- Task instructions -
Write down every entry once more, exactly as it reads.

- Data provided -
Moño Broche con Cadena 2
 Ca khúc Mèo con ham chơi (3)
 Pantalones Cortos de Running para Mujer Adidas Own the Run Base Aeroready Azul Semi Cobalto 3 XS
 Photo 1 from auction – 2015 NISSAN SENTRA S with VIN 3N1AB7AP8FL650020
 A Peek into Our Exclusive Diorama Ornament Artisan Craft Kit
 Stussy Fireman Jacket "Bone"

- Solution for this problem -
Moño Broche con Cadena 2
 Ca khúc Mèo con ham chơi (3)
 Pantalones Cortos de Running para Mujer Adidas Own the Run Base Aeroready Azul Semi Cobalto 3 XS
 Photo 1 from auction – 2015 NISSAN SENTRA S with VIN 3N1AB7AP8FL650020
 A Peek into Our Exclusive Diorama Ornament Artisan Craft Kit
 Stussy Fireman Jacket "Bone"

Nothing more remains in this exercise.